• What you will do
Word for word, return the lines below from the first through the line that has "I recently found", dropping the pictures.

• Available data

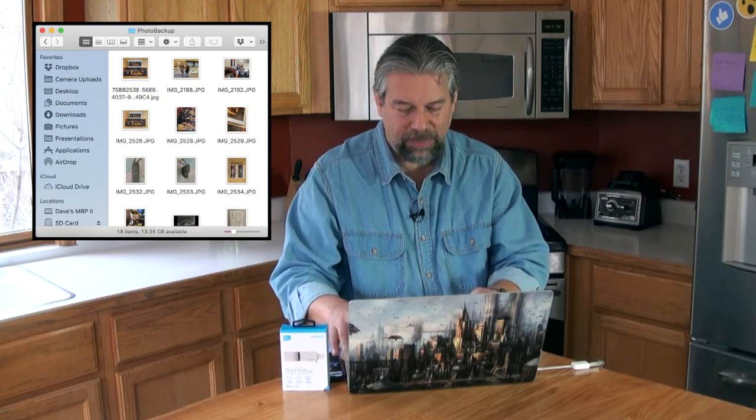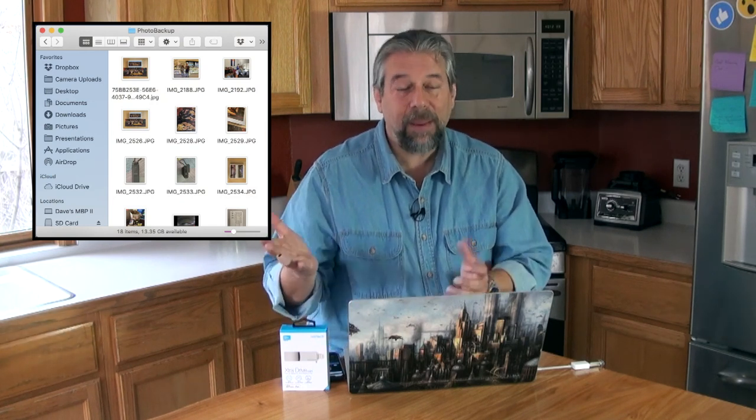It takes about two and a half minutes to copy across 2.2 gigabytes of movie, but it does eventually get there. In the Finder it shows up as SD card, and I can see a folder called photo backups — which shows me the 18 photos. Okay, that's nice but not super useful. Where are the rest of my photos?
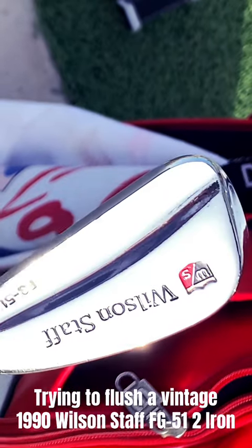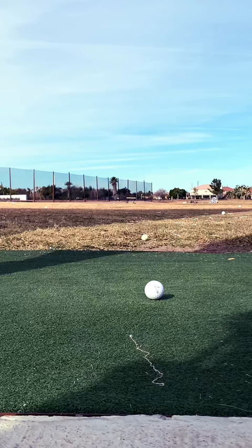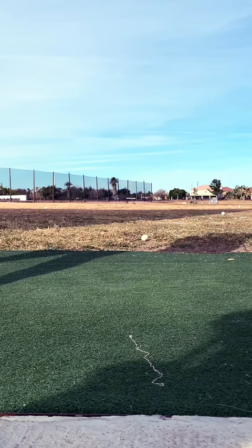I recently found this beautiful set of Wilson Staff FG51 Tour irons, two through pitching wedge, at a thrift store — $15 for the whole set. Today I took them out and tried to see if I could flush this butter knife of a two iron, and it did not go well.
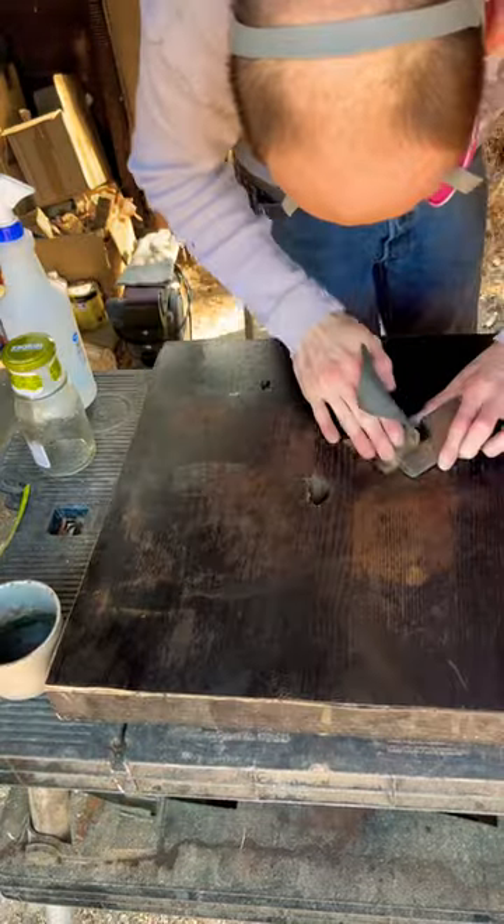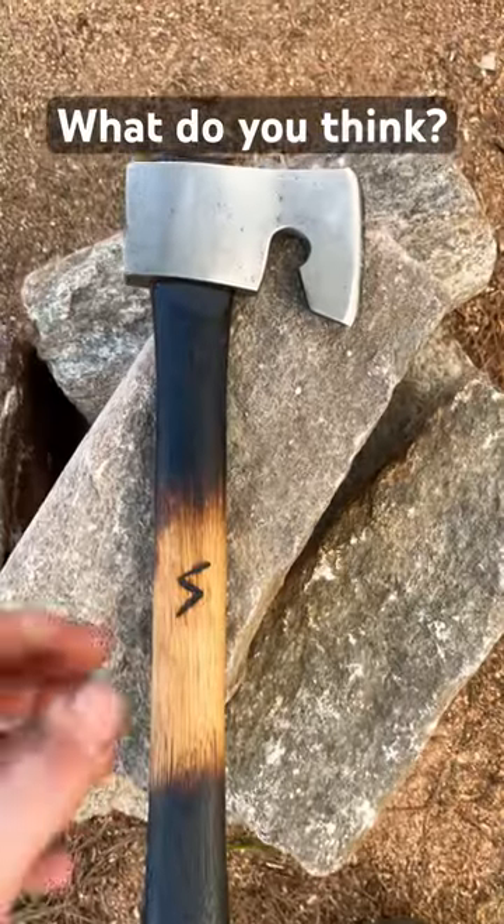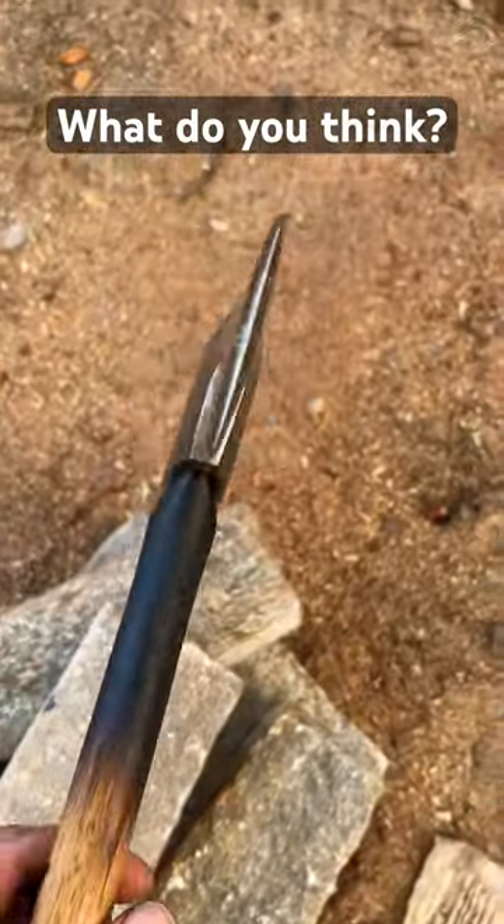We reprofiled the edge and sharpened it, wet sanded to 800 grit, redid the handle, and that was that. Thank you for watching — have an awesome day.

• Your response
It takes about two and a half minutes to copy across 2.2 gigabytes of movie, but it does eventually get there. In the Finder it shows up as SD card, and I can see a folder called photo backups — which shows me the 18 photos. Okay, that's nice but not super useful. Where are the rest of my photos?
I recently found this beautiful set of Wilson Staff FG51 Tour irons, two through pitching wedge, at a thrift store — $15 for the whole set. Today I took them out and tried to see if I could flush this butter knife of a two iron, and it did not go well.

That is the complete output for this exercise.